– Да? И кто же, в таком случае, по-вашему, я? – спросил Эренбург.
– А вы, – Гроссман уже не мог остановиться, – фашистский писака!
Услышав это, я просто обомлел. Такого оскорбления Эренбург снести, конечно, не мог.
Эту историю, рассказанную мне Липкиным, я уже пересказал однажды (даже не однажды, а дважды: во втором томе «Скуки не было» и в моей книге «Случай Эренбурга»), но продолжать ее там не стал. А продолжение было.
Понимая, какими жалкими и постыдными неизбежно станут официальные похороны его друга Гроссмана, Семен Израилевич Липкин сразу решил, что придать этому событию его истинное значение может только один человек: Эренбург. И он поехал к Илье Григорьевичу, чтобы уговорить его приехать на похороны и сказать над гробом покойного всё, что тот сочтет нужным.
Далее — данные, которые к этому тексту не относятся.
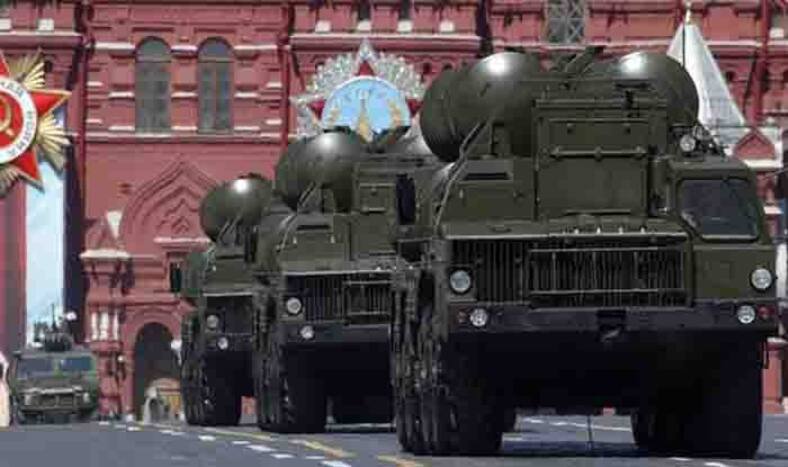 रूस के साथ भारत के मिसाइल डील में अड़ंगा लगाने अमेरिका कर सकता है ये काम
Надо ли объяснять, что Семен Израилевич был не самым лучшим кандидатом на эту дипломатическую роль: ведь он был свидетелем того ужасного оскорбления, которое нанес Эренбургу Гроссман, назвав его «фашистским писакой». Поэтому, отправляясь к Эренбургу с этим своим дипломатическим визитом, он не слишком рассчитывал на успех. И был прав.
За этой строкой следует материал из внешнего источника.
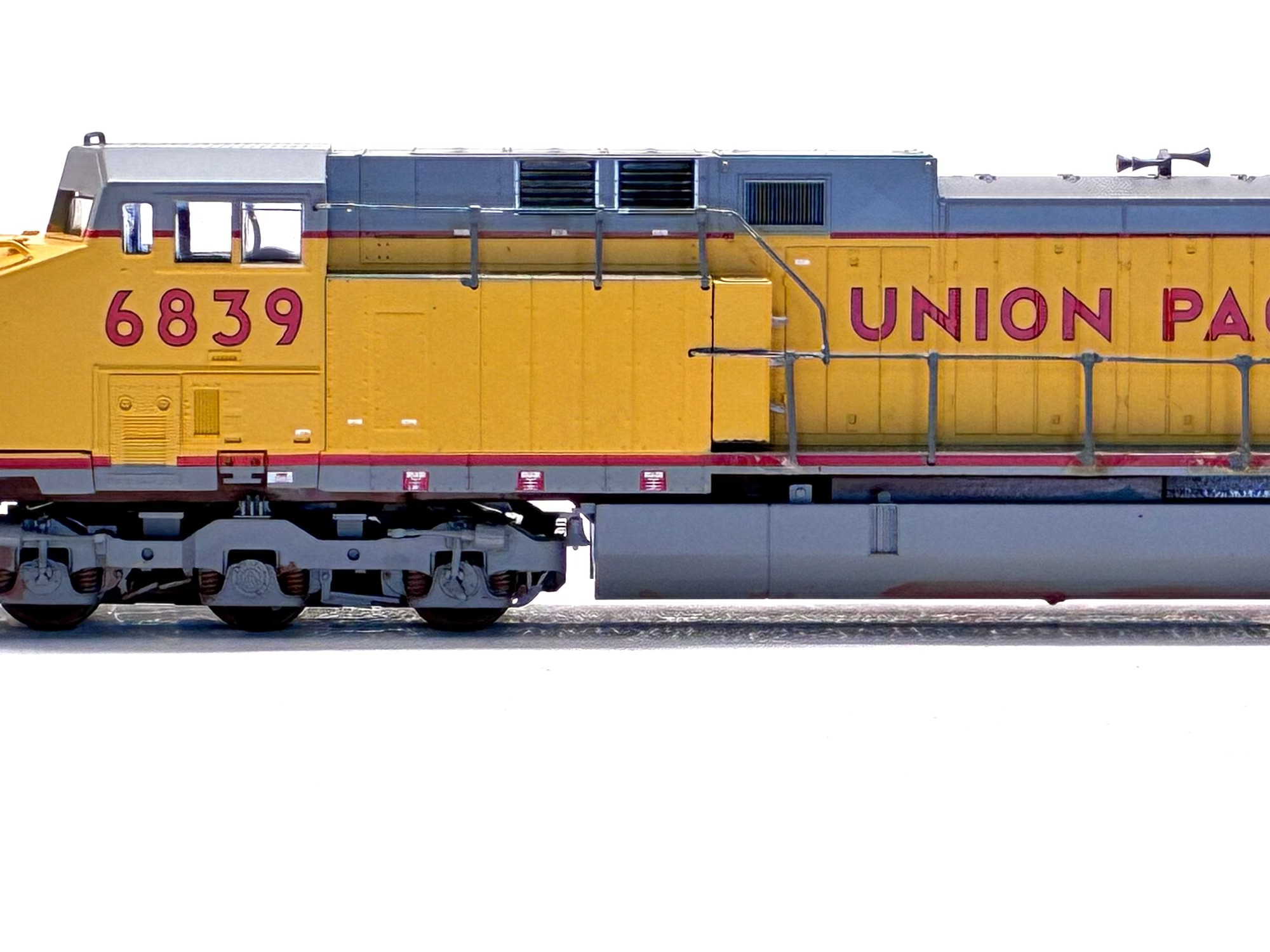 Athearn HO 4355 AC4400 Power Union Pacific 6839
Выслушав его просьбу, Илья Григорьевич не сказал, как в этих обстоятельствах следовало бы ожидать, что да, конечно, непременно приедет и непременно выступит. Сухо ответил, что подумает.
О чем он думал, решая этот непростой для него вопрос. Наверняка и о том незаслуженном, как ему наверняка казалось, оскооблении, которое нанес ему Гроссман, назвав «фашистским писаком». Но подумав, решил все-таки приехать и выступить. И, как я сейчас понимаю, в тогдашнем его выступлении каким-то боком отразился и тот злосчастный эпизод.
Как отразился он (глухо, намеком) и в том беглом, эскизном портрете Гроссмана, который он набросал в своей книге «Люди, годы, жизнь»:
… Нас сделали в разных цехах, из разного материала. Молодой польский писатель Фидецкий как-то сказал, что я «минималист», от людей требую малого. Может быть, это верно – человеку трудно взглянуть на себя со стороны. Нужно, конечно, сделать оговорку: в гимназические годы я в восторге повторял слова одного из героев Ибсена: «Всё или ничего!»; очевидно, «минималистами» люди становятся с годами. Однако возраст не всё, и Василий Семенович оставался «максималистом» в пятьдесят лет. Нельзя понять его судьбы, не оговорив прежде всего его суровой требовательности к людям и к себе.
В этом мимоходом брошенном замечании, что Гроссман и в пятьдесят лет оставался макисмалистом, есть толика – нет, не осуждения, конечно, но – удивления и укора. Вот, мол, и в пятьдеяят лет сохранил юношескую пылкость, не повзрослел, не помудрел с годами. А надо бы.
В таком взгляде есть известный резон.